Title: what causes 'chatter' breakdown?
Post by: jvanick on November 17, 2014, 02:00:54 PM
we had a set of screens break down today, and it looks like chatter marks on either side of the screen, like the squeegee was 'skipping' and then breaking down the emulsion.  The screens have roughly 6000 or so prints on them, so maybe it's just overuse for SP1400?

never have really seen this before, and wondering what's causing it.

Emulsion if it matters: SP1400
Approx squeegee pressure: 45-50 psi
20 degree angle
70/90/70 duro squeegee (relatively sharp)
Plastisol ink.
Title: Re: what causes 'chatter' breakdown?
Post by: ZooCity on November 17, 2014, 02:22:15 PM
If it's just on the edges of the squeegees that you see the chatter marks, it's an easy fix- round your squeegee corners.  Also, top tape your squeegee drop/finish areas as well as the very edge where the sq corner hit the emulsion.

If the chatter marks are inside the image area it's just a matter of your blade/pressure/substrate/# of impressions/off contact, etc. being too much for the emulsion.  SP1400 is tough chit from what I hear but 6k impressions will start to get at most any emulsion, just a matter of friction over time.   You can combat break down inside the image area by face coating the ink side of the screen, putting a little more emulsion on there to resist the wear/tear.

But really, rounding the corners and top taping will solve most of this.  Good luck!
Title: Re: what causes 'chatter' breakdown?
Post by: jvanick on November 17, 2014, 02:42:19 PM
If it's just on the edges of the squeegees that you see the chatter marks, it's an easy fix- round your squeegee corners.  Also, top tape your squeegee drop/finish areas as well as the very edge where the sq corner hit the emulsion.

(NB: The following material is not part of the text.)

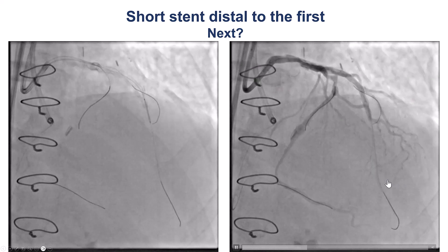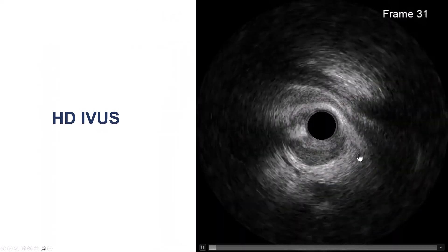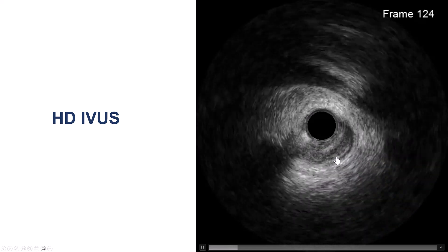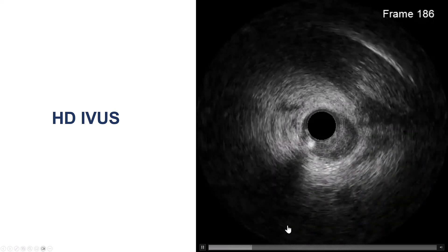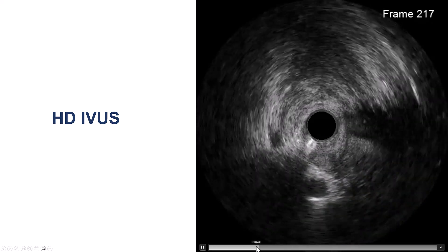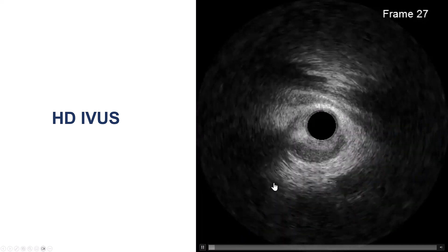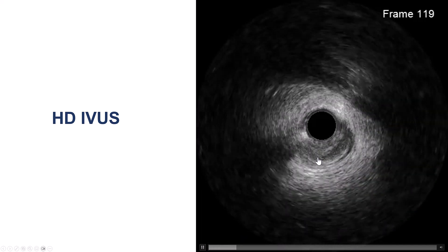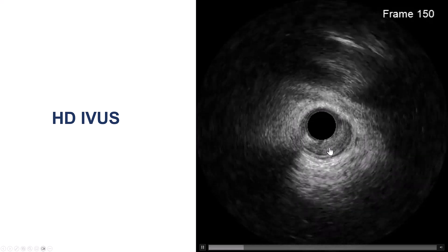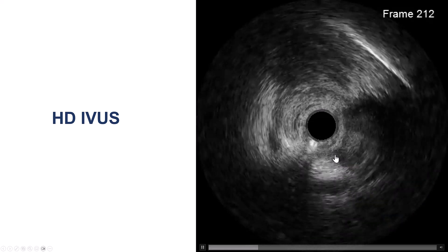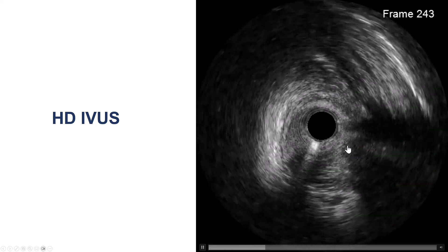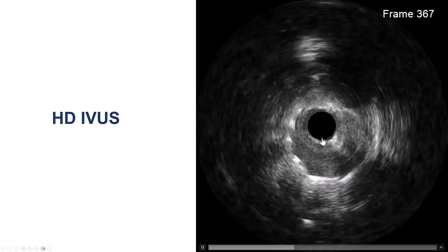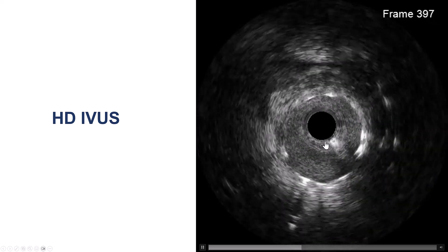So what is going on? We decided to do IVUS, and this time the HD IVUS was available. Coming from distal to proximal, we're seeing this structure, which is the compressed true lumen in the distal portion of the vessel. What had happened is that we had stented literally into the extraplaque space.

If the chatter marks are inside the image area it's just a matter of your blade/pressure/substrate/# of impressions/off contact, etc. being too much for the emulsion.  SP1400 is tough chit from what I hear but 6k impressions will start to get at most any emulsion, just a matter of friction over time.   You can combat break down inside the image area by face coating the ink side of the screen, putting a little more emulsion on there to resist the wear/tear.

But really, rounding the corners and top taping will solve most of this.  Good luck!

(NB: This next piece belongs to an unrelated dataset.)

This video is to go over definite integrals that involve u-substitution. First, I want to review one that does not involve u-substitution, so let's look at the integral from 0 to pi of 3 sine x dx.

we already round the squeegee ends, and tape where the squeegee drops are... plus tape the ink side where the edges of the squeegees ride.

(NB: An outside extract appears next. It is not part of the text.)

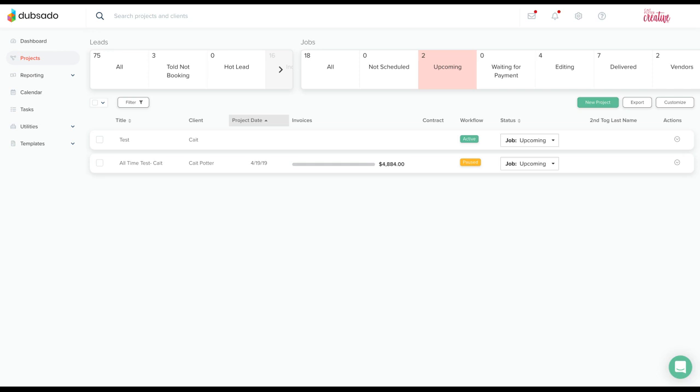Now, before I get into the details of this, I want to explain a bit about why.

This is actually IN the image area, not edges.
Title: Re: what causes 'chatter' breakdown?
Post by: ABuffington on November 17, 2014, 02:45:40 PM
Are the chatter marks parallel or are the marks from stencil openings outward in any direction?

Al
Murakami

What was the ambient shop temp over weekend?

Alan
Title: Re: what causes 'chatter' breakdown?
Post by: jvanick on November 17, 2014, 03:04:11 PM
They were parallel AND starting from the open area out in some cases, other cases, it was in the middle of the screen itself.

ambient temperature doesn't go below 60.  It *is* very dry in here... in the screen room it's about 22% RH right now, in the shop, around 30%.  (if that makes a difference)

Pic of  one of the screens attached.  The "line" you're seeing at about on the 1/3rd of the image is where the the tape is on the back side of the screen.



Title: Re: what causes 'chatter' breakdown?
Post by: ZooCity on November 17, 2014, 03:06:58 PM
We see this with emulsions when it's dry sometimes.  Particularly with HVP.  I would try the face coat on the ink side or just plan on swapping out screens every 5k impressions. 
Title: Re: what causes 'chatter' breakdown?
Post by: Colin on November 17, 2014, 03:09:26 PM
I have had this happen with any emulsion that is "Harder" than other emulsions.  I.E. non diazo Water Resistant....  This happens all the time with Murakami's HV, Saati's PHU, and other emulsion like this that are designed to be water/discharge resistant without needing a hardener.  The reason for the cracking is the mesh is "Flexing" or moving with each print stroke and causing the emulsion to actually delaminate/crack since the emulsion does not have the ability to flex with the movement of the mesh.  High pressure and hard squeegee's exacerbate this effect.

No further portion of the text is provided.